While tackling climate change and business outages, there are other areas the Bloom Energy campaign could branch into, McCulloch said. For example, the grid is vulnerable to hacking, which is a national security issue.

"We need to elevate the issue of energy resiliency to every C-suite in every company," he added. "Part of the challenge is to put an end to complacency; complacency is our target as regrettably, outages will affect more and more businesses."

Allison+Partners will help support the company’s "energy resiliency" message.

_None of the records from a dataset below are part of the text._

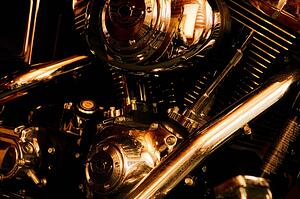 A motorcycle engine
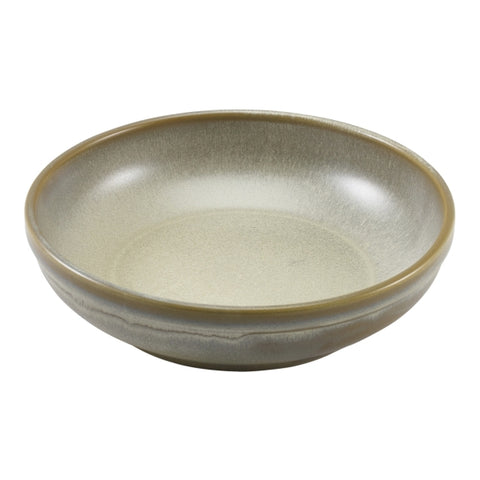 Terra Porcelain Grey Coupe Bowl 20cm 6pk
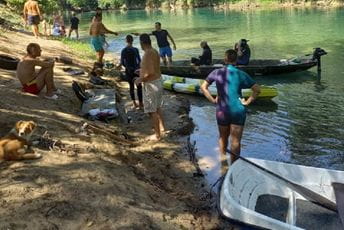 Nastavljena akcija čišćenja dna rijeke Zete (FOTO) Nastavljena akcija čišćenja dna rijeke Zete (FOTO)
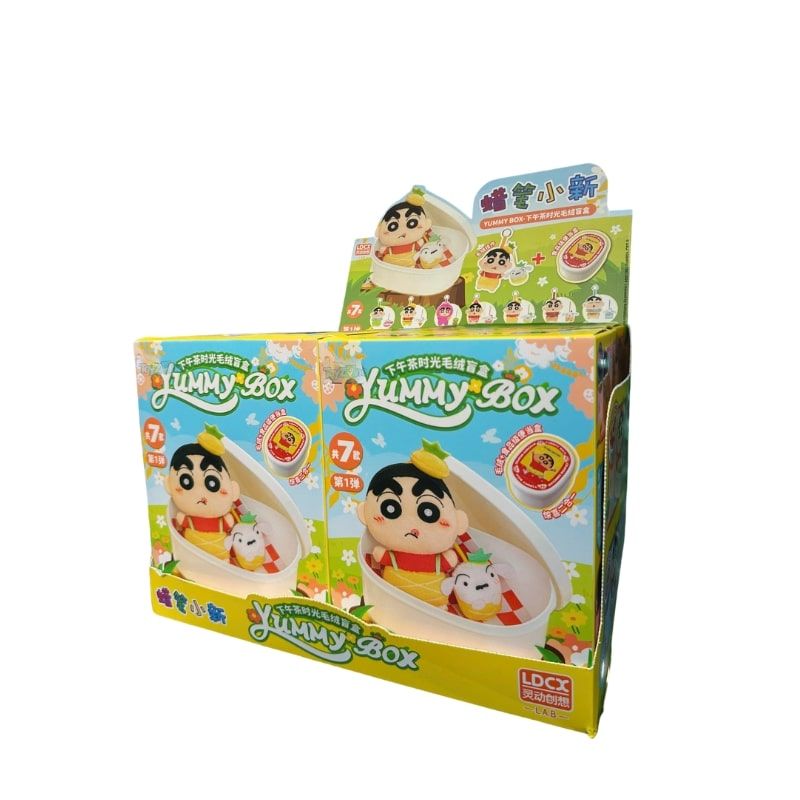 Mô hình Blind box Móc khóa Gấu bông Crayon Shin-Chan Yummy Box Afternoon Tea Time ( Hộp Ăn Nhẹ Giờ Trà Chiều ) LDCX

"It’s very rare in the media business that you can engage journalists and they intuitively understand the importance of a story and the issue you’re talking about," said Todd Aydelotte, an MD in Allison+Partners’ New York City office. "Anyone in our country just looks out the window and understands catastrophic weather events are here, they’re increasing with frequency, and they’re highly disruptive to the business environment. Then you start looking at the idea it’s probably going to get worse before it gets better."

Aydelotte said Allison+Partners’ background in tech, clean energy, and environmental issues uniquely positioned them to take on this account. The agency’s tech client roster includes Samsung, ADT, BSA, Campaign Monitor, Google, and PIR.

For about a year, Bloom Energy has been steadily building up its comms team, first by hiring McCulloch, who joined from GE Power last March. Most recently, it brought on Natalia Blank from CA Technologies in November last year as head of corporate PR, McCulloch said.

McCulloch said Bloom Energy has a significant and growing business in South Korea, where the government is trying to combat its poor air quality by deploying clean tech. The company has no PR support in the country, but "that could be in [its] future," McCulloch said. Nor does Bloom Energy have PR support in Japan and India, its other two big markets, but they are less mature businesses.